▶ _Task details_: Please repeat the records exactly, keeping the pictures out.

▶ _Records to process_:
==*==
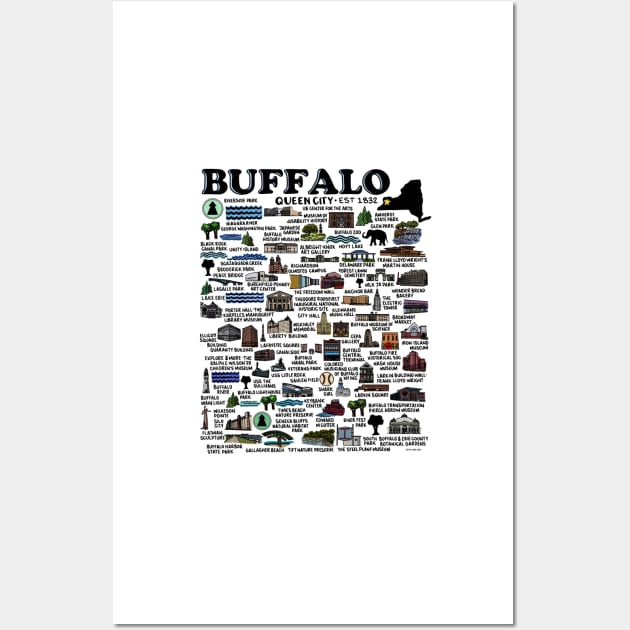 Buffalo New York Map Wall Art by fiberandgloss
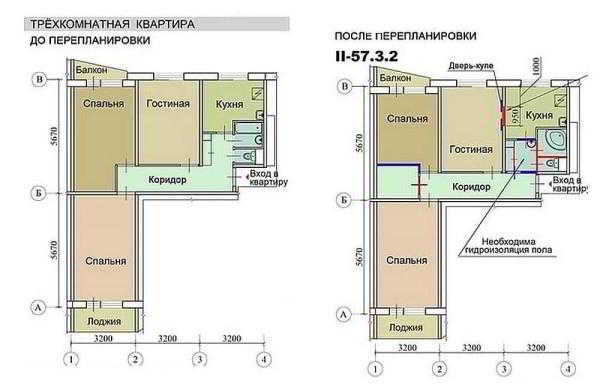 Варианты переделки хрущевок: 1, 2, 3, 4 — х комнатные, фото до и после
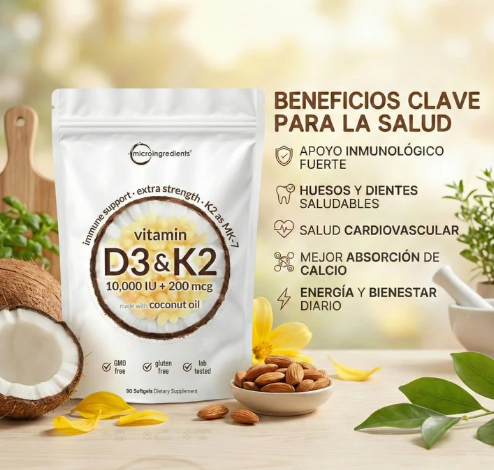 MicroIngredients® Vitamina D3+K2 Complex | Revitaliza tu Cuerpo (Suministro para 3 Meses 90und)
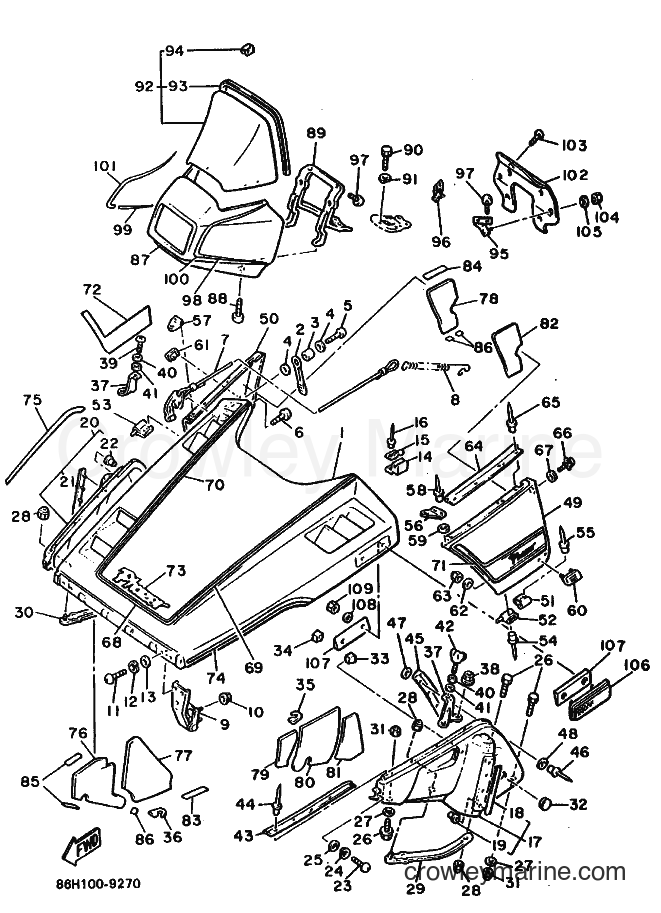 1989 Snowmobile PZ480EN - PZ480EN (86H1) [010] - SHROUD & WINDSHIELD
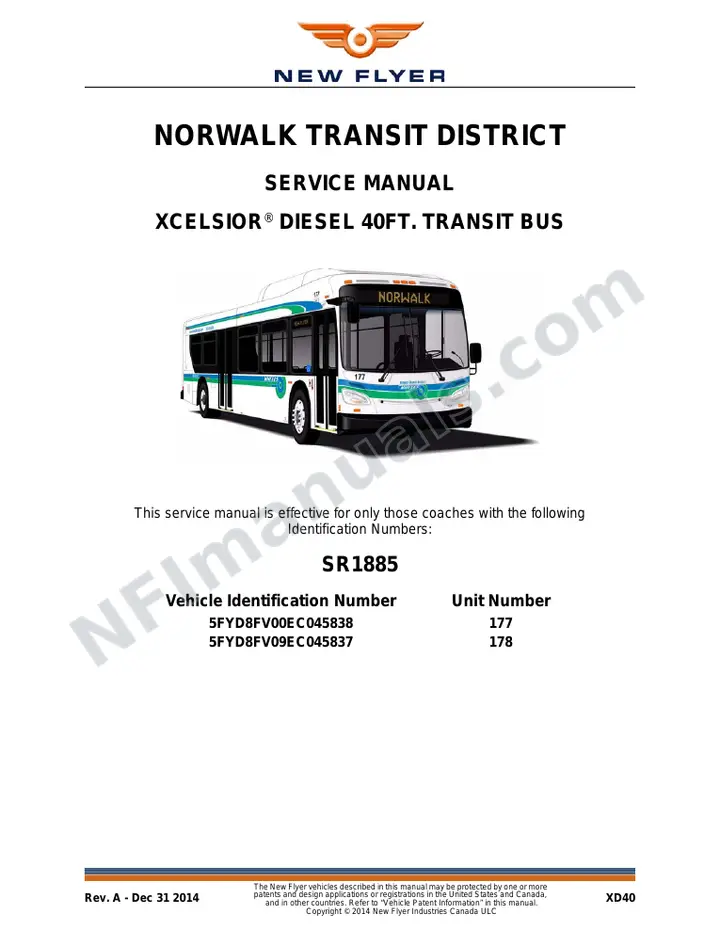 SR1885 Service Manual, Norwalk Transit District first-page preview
==*==
▶ _Reply_:
 Buffalo New York Map Wall Art by fiberandgloss
 Варианты переделки хрущевок: 1, 2, 3, 4 — х комнатные, фото до и после
 MicroIngredients® Vitamina D3+K2 Complex | Revitaliza tu Cuerpo (Suministro para 3 Meses 90und)
 1989 Snowmobile PZ480EN - PZ480EN (86H1) [010] - SHROUD & WINDSHIELD
 SR1885 Service Manual, Norwalk Transit District first-page preview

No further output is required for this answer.